Keywords: asymmetrical, cavitation, nappe, ogee profile, physical model, sharp-crested weir
LIST OF SYMBOLS
Al approach channel cross-sectional area measured from the centreline of the spillway's crest to the left bank (m2)
At total approach channel cross-sectional area (m2)
C' vertical displacement of the turning point measured at the lower nappe of the ogee profile (m)
f' horizontal displacement of the turning point measured on the lower nappe of the ogee profile (m)
Ha velocity head (m)
Hd measured water depth upstream from the crest of the sharp-crested weir, relative to the crest (m)
He total head (sum of Hd and Ha) (m)
Ho design head of ogee spillway (He - C') (m)
P upstream wall depth of the weir (m)
Tp turning point (apex position) on lower nappe of the ogee profile
Sf symmetricity factor of the approach channel
vo mean velocity in the approach channel (m/s)
The ogee spillway relationship (USBR 1987; Hager 1987) is used to define the geometric profile of the spillway section of a dam or hydraulic structure. The ogee relationship describes the bottom nappe associated with the flow over a sharp-crested weir. The current relationship accommodates the influence of the unit discharge, the angle of inclination of the upstream wall face, as well as the relationship of upstream pool depth to the total upstream energy at the apex of the structure.
In cases where the discharge flow rate exceeds the design flow rate, the nappe detaches from the surface of the spillway and a sub-atmospheric pressure region is generated that may lead to cavitation (Savage & Johnson 2001; Momber 2000). Cavitation usually occurs during a unit discharge, in excess of the design head, where the surface pressure can be reduced at positions along the spillway to sub-atmospheric pressure. This may cause the formation of vapour cavities. Vapour cavities may also be formed on the spillway where an irregularity in the surface exists. The vapour cavities (also referred to as miniscule air bubbles) will progress along the flow path due to the high flow velocity on the spillway to a region downstream where sufficient pressure is available that will lead to the collapse of the air vacuum. This generates localised high pressures. Should these vapour cavities collapse near the spillway structure, there will be some superficial damage to the spillway's surface where the vapour bubble has collapsed.

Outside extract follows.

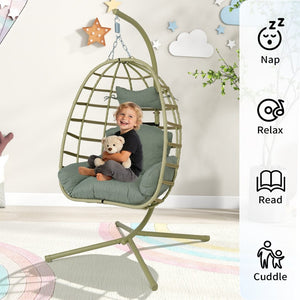 English Elm Egg Hanging Chair with Stand Pe Rattan Swing Seat Washable Cushion Patio Bedroom T5880P497437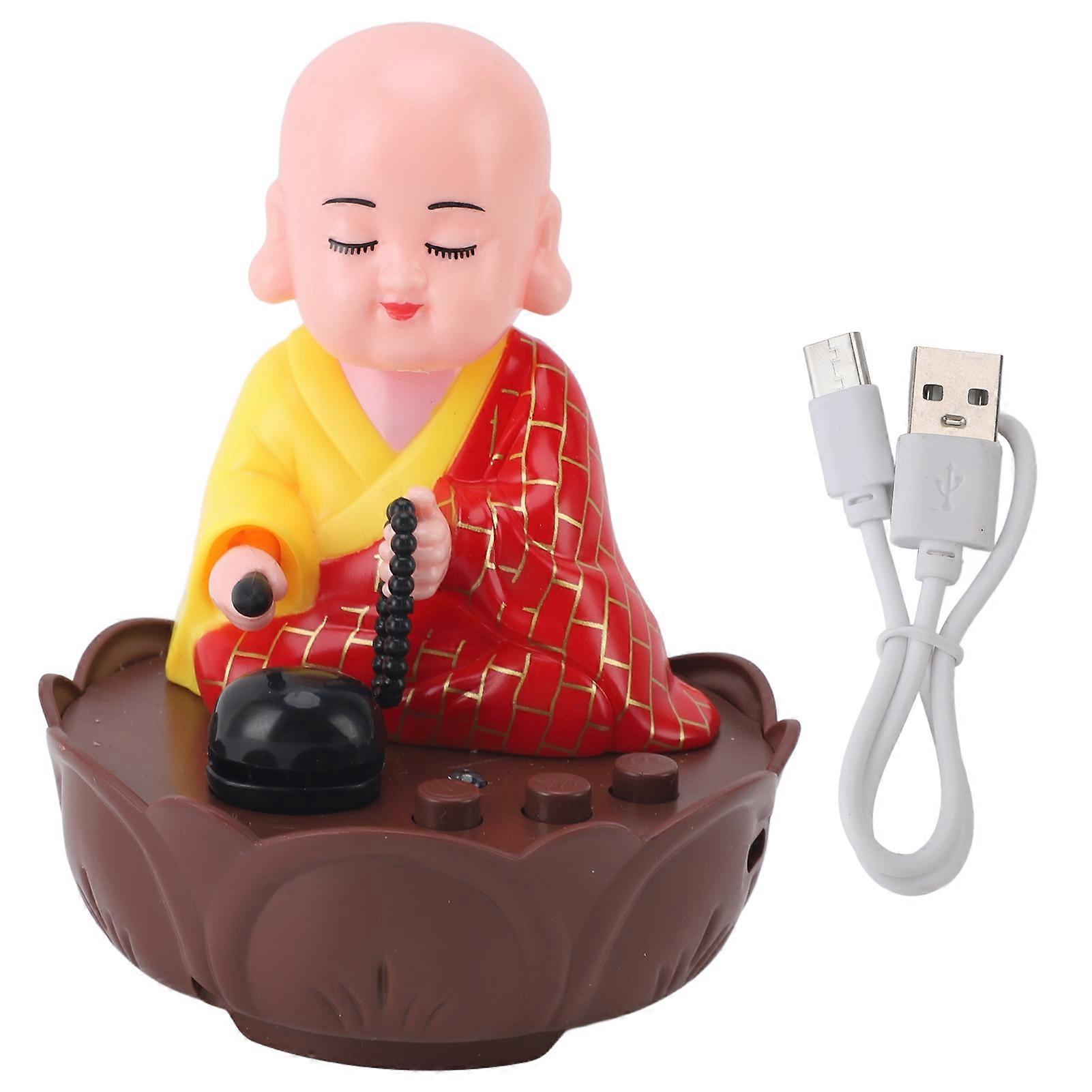 Musical Nodding Monk Figurine, Moving Head Buddha Statue with USB Charging Cable, Red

This cavitation damage can ultimately result in substantial erosion and, if ignored, will subsequently cause failures of the spillway chute. Minute cracks, offsets and increased surface roughness intensify this cavitation process. The extent of cavitation damage is a function of the cavitation indices at key locations on the spillway chute and the duration of flow over the spillway. This emphasises the need for a geometric, accurate and precise spillway profile to reduce the possibility of sub-atmospheric pressure formation (USACE 2009).
It is hypothesised that the geometric profile of the ogee spillway will be influenced by the following factors:
a. The asymmetrical cross-sectional approach channel upstream from the spillway
b. The relative orientation of the spillway with regard to the approaching flow
c. The curvature of the spillway in relation to the depth of the structure.
This study evaluated the existing ogee relationship, considering in particular the three-dimensional flow parameters resembling an asymmetrical approach channel.
The physical model was set up in accordance with ASTM Designation: D 5242-92 (Standard Test Method for Open-Channel Flow Measurement of Water with Thin-Plate Weirs (ASTM International 2001) and ISO 1438: Hydrometry - Open channel flow measurement using thin-plate weirs (ISO 2008). Froude similarity was selected with an undistorted scale of 1:10 for the physical model.
Research on the projectile movement of a free-falling jet of water revealed that the shape of the lower nappe of a jet of water flowing over a ventilated sharp-crested weir resembled the shape of an ogee spillway (Chow 1959; Hager 1987; Knapp et al 1970; Melsheimer & Murphy 1970; Ministry of Science and Technology 2007; Murphy 1973; USACE (a) 1987; USACE (b) 1987; USBR 1987; Wahl et al 2008). However, both the numerical relationships for the flow over a sharp-crested weir and the principle for the projectile movement of a free-falling jet of water describing this shape only consider the two-dimensional characteristics of the flow, namely the available energy (i.e. depth and velocity of water flowing over the spillway crest), the angle of inclination of the upstream wall face, and the height of the spillway above the natural ground level (USBR 1987; USCE 1970; Vischer & Hager 1999). This approximation of co-planar (two-dimensional) flow neglects the three-dimensional flow parameters which are occurring upstream of the spillway.
Research indicated that the vertical displacement of a flow particle at the crest's origin is equal to the vertical distance between the highest point of the nappe and the elevation of the ogee crest (Chow 1959). Figure 1 depicts this position, which is recognised as the turning point of the curvature (Tp). Rajaratnam et al (1968) (referenced by Vischer & Hager, Dam Hydraulics 1999) indicated that the vertical value of C' can be empirically estimated by Equation 1 and the horizontal distance (f) to this coordinate measured from the crest can be estimated by Equation 2. The experiments done by Rajaratnam et al (1968) were actually for a confined weir.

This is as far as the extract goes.